• _TASK BRIEF_: Leave out every picture, and restate word for word only the lines from the one containing "Simple Truth Organic, Elderberry" through the end of the material.

• _INFORMATION PROVIDED_:
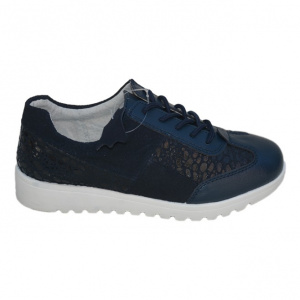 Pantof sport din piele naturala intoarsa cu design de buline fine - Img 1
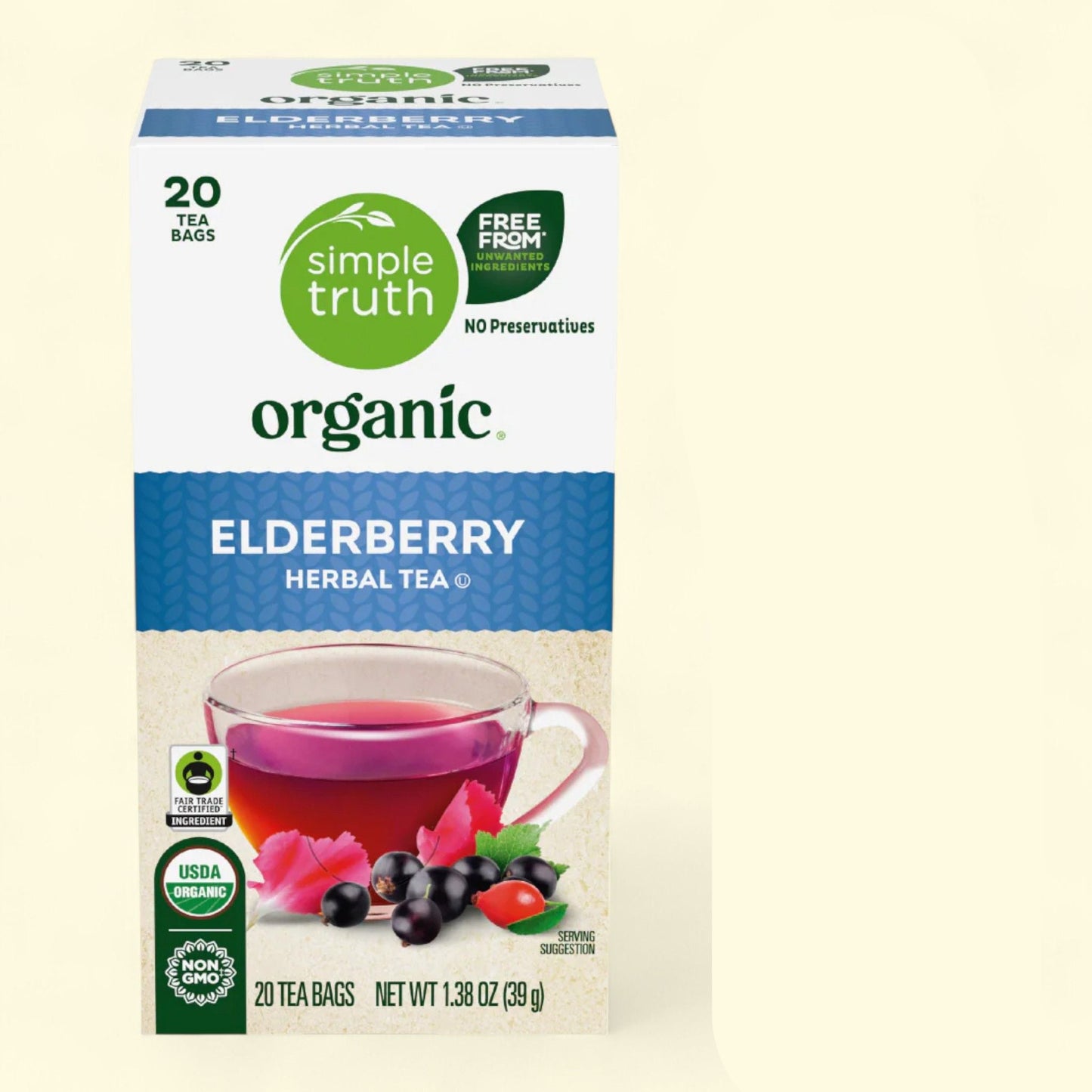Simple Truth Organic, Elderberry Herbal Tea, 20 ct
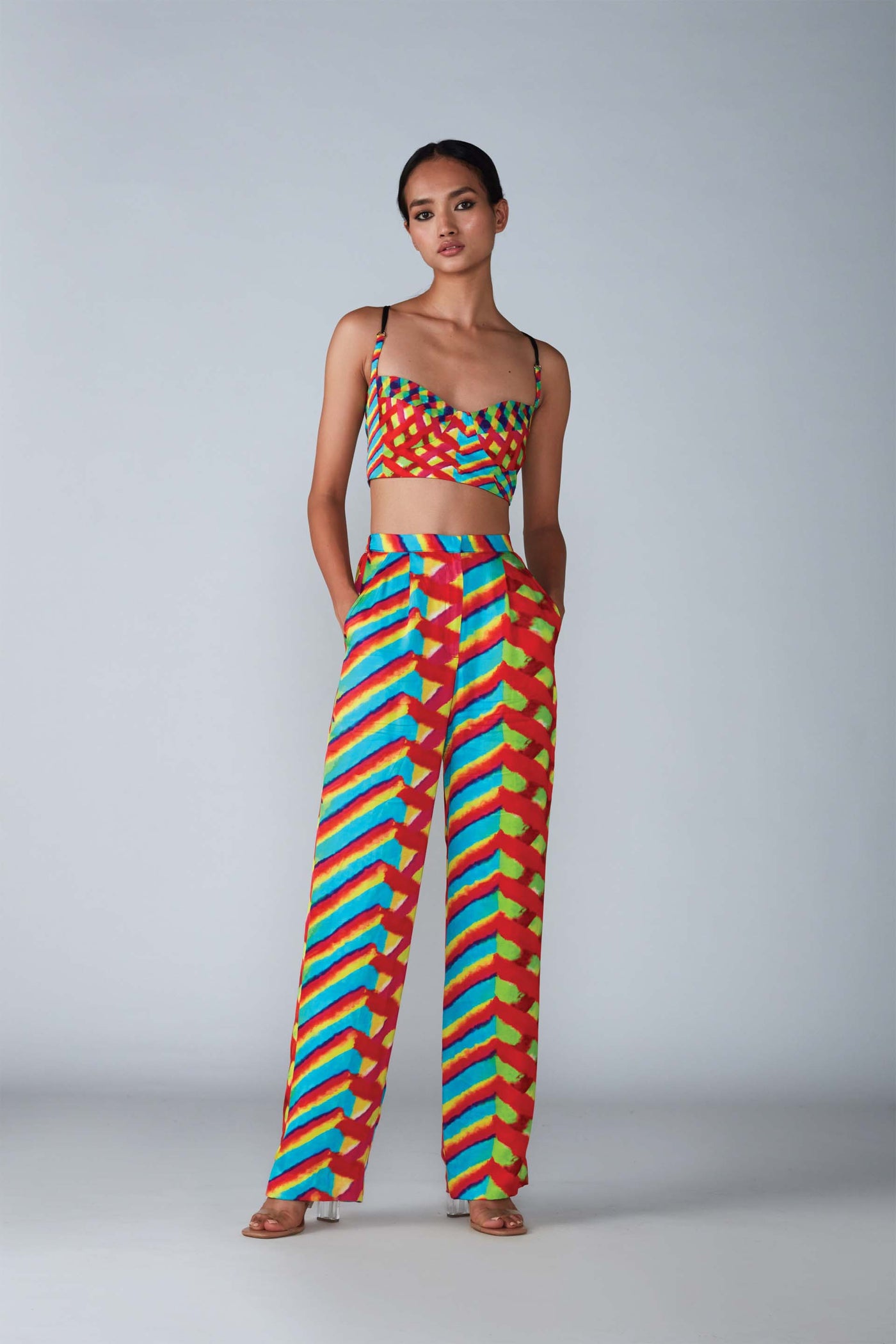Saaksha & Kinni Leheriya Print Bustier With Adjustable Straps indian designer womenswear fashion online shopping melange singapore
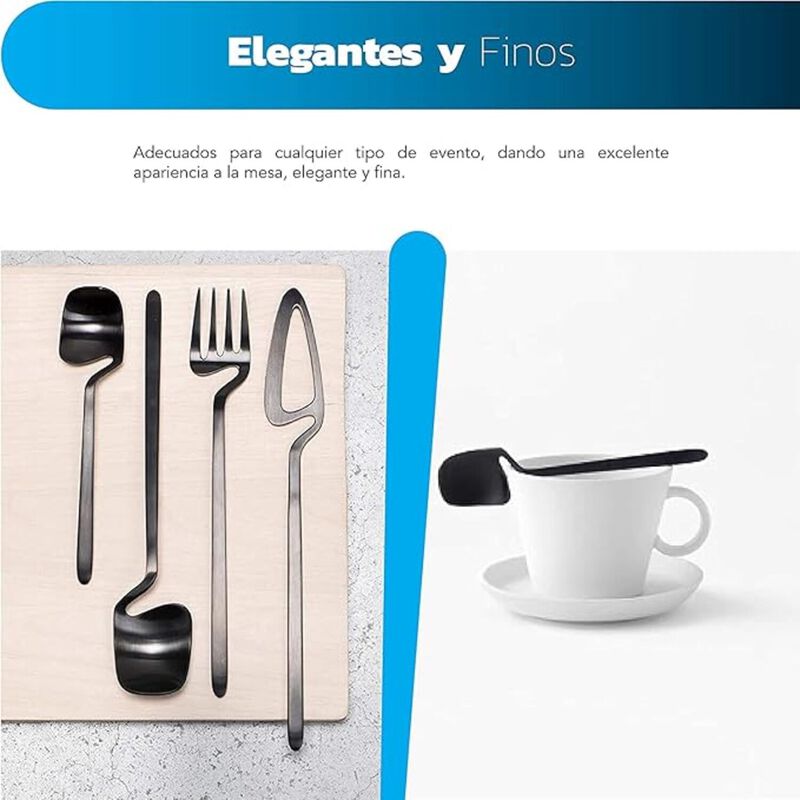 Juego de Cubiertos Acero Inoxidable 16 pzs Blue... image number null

• _EXPECTED ANSWER_:
Simple Truth Organic, Elderberry Herbal Tea, 20 ct
Saaksha & Kinni Leheriya Print Bustier With Adjustable Straps indian designer womenswear fashion online shopping melange singapore
 Juego de Cubiertos Acero Inoxidable 16 pzs Blue... image number null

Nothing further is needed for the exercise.